I currently am stationed in Oklahoma. It's a toss up between Texas and Wisconsin as to where I will end up. Being that I don't really much about Texas, I am leaning towards residing in SW WI/Madison WI area. I am going to attend UW-Platteville for their CM program, mostly because the program incorporates a hands on project every year where students are involved in every aspect of a home build, from design to completion. My older brother (M.D.) has agreed to let me build a home for him when I complete my studies and am confident in my abilities. I know it will be a headache at times building for family, but he is willing to put my name out to his network. 
I can see how working under an experienced builder can benefit me, and am probably going to go that route. Being as I have little experience, how would I best advertise myself to a established home builder? What would best persuade someone to take me on as an "apprentice" GC?


----------



## AllanE (Apr 25, 2010)

OrangeNerd said:


> Being as I have little experience, how would I best advertise myself to a established home builder? What would best persuade someone to take me on as an "apprentice" GC?

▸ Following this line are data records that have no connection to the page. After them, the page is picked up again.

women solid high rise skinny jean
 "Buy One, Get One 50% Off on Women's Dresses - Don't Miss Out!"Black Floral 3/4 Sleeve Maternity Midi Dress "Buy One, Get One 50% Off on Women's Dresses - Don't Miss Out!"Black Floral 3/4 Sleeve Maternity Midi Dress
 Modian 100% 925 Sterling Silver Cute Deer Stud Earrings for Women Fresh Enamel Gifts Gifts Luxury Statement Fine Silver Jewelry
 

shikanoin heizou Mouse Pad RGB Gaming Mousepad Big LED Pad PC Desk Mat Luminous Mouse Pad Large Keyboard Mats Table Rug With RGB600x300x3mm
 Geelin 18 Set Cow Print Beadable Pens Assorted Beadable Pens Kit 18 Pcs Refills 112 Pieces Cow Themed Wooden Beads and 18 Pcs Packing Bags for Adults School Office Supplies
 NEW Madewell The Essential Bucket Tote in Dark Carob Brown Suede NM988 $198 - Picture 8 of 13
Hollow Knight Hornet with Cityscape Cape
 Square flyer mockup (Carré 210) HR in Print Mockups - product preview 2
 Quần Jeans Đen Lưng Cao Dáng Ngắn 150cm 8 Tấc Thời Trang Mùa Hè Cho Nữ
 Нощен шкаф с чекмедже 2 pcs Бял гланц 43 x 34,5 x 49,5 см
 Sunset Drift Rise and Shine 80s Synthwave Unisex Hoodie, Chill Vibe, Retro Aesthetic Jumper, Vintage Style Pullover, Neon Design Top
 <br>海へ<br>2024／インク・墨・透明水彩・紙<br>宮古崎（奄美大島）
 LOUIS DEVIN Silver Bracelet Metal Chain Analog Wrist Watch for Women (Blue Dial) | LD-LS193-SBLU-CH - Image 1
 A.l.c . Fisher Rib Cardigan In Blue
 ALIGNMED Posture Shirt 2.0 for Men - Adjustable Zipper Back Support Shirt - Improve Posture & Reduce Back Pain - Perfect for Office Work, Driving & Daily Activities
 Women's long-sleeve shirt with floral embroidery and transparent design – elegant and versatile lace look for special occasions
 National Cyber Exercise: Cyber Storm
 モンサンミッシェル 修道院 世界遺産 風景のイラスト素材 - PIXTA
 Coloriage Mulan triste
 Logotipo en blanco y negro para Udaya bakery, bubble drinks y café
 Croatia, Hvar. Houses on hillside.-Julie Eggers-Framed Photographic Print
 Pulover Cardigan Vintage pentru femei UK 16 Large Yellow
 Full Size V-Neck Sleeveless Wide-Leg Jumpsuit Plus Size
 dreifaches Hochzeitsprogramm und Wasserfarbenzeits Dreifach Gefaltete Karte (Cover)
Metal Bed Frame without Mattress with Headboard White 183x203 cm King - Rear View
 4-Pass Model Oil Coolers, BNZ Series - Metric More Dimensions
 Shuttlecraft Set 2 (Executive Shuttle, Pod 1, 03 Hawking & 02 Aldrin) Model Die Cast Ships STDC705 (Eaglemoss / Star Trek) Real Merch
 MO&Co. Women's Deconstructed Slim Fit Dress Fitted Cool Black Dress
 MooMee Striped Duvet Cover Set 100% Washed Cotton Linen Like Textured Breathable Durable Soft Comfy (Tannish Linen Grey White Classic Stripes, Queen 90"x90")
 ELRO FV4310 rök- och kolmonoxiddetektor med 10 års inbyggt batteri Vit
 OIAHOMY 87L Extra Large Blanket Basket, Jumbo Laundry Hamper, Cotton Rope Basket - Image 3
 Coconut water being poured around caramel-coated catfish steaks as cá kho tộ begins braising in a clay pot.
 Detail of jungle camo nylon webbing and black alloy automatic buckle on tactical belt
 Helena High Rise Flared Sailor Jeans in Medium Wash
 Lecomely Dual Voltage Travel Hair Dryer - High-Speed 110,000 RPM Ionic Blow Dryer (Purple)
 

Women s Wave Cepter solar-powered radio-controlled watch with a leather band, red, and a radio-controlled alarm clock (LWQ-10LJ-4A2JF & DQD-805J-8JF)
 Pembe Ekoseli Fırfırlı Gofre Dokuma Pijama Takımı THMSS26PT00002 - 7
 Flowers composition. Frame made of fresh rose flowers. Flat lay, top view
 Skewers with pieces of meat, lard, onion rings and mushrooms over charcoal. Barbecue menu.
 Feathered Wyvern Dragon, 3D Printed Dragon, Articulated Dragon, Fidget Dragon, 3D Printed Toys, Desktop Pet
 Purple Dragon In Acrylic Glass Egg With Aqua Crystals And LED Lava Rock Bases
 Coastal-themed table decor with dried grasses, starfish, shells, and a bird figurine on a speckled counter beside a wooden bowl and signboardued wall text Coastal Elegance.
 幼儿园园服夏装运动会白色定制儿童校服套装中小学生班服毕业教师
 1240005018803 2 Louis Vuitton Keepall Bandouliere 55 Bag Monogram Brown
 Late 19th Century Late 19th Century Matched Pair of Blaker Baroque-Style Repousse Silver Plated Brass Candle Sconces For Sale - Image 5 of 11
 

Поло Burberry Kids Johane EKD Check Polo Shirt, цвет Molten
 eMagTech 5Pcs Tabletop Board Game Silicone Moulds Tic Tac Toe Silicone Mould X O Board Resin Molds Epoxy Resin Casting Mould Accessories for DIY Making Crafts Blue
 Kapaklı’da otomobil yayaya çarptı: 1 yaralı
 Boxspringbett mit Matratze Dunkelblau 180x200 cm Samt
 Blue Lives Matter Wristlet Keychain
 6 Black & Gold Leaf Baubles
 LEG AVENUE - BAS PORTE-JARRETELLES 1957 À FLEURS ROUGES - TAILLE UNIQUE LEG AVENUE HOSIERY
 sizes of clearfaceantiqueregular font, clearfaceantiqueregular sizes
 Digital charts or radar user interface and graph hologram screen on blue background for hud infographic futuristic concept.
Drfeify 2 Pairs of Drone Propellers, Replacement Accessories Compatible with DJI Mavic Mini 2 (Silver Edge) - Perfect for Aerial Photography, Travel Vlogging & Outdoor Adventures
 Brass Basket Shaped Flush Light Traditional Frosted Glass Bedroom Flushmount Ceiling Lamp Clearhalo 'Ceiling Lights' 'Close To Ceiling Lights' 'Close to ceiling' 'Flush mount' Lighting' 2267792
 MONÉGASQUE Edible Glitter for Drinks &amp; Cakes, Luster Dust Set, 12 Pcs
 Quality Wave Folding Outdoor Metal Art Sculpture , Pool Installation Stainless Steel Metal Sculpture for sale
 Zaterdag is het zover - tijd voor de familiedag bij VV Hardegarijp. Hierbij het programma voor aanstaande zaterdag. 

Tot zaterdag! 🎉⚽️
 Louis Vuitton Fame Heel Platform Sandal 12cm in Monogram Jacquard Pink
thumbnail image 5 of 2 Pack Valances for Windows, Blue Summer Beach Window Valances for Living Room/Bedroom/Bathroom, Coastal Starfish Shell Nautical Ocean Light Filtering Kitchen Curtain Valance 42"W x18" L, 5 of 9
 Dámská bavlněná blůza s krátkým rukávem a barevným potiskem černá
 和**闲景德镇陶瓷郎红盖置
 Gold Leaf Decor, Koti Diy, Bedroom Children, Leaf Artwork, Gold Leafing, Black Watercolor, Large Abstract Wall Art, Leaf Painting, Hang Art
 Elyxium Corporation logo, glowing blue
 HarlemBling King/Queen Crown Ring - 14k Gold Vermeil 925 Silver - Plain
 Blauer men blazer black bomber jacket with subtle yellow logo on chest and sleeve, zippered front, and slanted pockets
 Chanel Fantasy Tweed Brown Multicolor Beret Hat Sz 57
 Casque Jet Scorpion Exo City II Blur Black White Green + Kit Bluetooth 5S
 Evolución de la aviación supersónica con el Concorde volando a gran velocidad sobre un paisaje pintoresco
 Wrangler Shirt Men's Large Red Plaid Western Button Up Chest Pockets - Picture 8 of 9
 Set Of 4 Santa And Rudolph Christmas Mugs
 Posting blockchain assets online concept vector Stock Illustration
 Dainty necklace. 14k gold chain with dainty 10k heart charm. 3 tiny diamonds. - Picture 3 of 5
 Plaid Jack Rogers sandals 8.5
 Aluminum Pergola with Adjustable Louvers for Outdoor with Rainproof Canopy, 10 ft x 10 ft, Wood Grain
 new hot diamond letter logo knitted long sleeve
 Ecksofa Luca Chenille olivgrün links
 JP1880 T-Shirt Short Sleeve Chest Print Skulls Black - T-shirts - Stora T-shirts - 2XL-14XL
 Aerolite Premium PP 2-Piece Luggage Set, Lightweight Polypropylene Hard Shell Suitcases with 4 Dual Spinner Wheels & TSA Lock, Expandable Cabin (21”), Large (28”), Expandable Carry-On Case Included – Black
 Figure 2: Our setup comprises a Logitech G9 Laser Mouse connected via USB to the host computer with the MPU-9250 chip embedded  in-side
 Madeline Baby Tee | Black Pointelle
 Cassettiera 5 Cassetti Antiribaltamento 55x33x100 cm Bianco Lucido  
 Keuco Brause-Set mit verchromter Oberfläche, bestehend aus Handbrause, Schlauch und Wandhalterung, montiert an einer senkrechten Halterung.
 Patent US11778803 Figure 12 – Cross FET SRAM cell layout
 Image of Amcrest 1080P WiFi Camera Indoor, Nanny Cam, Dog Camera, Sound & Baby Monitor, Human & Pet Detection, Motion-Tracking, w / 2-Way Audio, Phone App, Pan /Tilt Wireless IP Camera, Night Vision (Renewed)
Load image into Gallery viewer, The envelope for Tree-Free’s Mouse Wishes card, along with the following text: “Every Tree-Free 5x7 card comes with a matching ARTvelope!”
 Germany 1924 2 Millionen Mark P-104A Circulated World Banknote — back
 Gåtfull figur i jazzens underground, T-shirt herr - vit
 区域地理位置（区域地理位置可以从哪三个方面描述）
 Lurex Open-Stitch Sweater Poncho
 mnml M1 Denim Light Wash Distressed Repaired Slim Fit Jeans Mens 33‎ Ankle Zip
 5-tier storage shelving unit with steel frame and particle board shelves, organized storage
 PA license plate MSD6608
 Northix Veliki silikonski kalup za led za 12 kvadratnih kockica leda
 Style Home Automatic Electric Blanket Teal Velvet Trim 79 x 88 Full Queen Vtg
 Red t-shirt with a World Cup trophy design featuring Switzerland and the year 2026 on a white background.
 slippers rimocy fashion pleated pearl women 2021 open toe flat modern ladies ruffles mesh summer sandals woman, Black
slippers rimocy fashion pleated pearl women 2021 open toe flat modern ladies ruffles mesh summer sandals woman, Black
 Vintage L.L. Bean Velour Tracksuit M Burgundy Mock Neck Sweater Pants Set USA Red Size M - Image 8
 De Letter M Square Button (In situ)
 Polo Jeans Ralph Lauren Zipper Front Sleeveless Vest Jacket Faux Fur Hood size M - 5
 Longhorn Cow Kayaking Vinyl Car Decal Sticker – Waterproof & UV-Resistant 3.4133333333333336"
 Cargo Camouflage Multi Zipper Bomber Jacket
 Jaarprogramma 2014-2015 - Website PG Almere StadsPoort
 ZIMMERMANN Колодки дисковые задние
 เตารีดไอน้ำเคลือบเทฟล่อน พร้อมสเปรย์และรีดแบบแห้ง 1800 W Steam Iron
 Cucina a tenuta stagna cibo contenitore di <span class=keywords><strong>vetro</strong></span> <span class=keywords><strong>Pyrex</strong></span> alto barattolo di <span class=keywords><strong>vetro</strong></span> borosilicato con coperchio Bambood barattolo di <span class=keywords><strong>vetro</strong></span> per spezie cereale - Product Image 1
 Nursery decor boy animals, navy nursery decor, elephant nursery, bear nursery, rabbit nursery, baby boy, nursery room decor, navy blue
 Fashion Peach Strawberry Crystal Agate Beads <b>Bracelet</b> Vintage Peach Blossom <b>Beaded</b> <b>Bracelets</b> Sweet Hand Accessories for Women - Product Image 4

There are some really good new home markets in Texas, all the large cities are doing well. And for a CM Texas A&M is one of the best. As far as advertising to a builder, I think it might be as simple as just asking several builders and telling them your story. I suspect many would be willing to help someone wanting to break into the business.

Allan


----------



## mikeswoods (Oct 11, 2008)

If you want to work for a builder---the best way is face to face----show up on the job site early in the morning----with work boots on and a tool belt in the truck---

Ask for a few minutes time-------the foreman will introduce you to the builder if it's a big outfit---


----------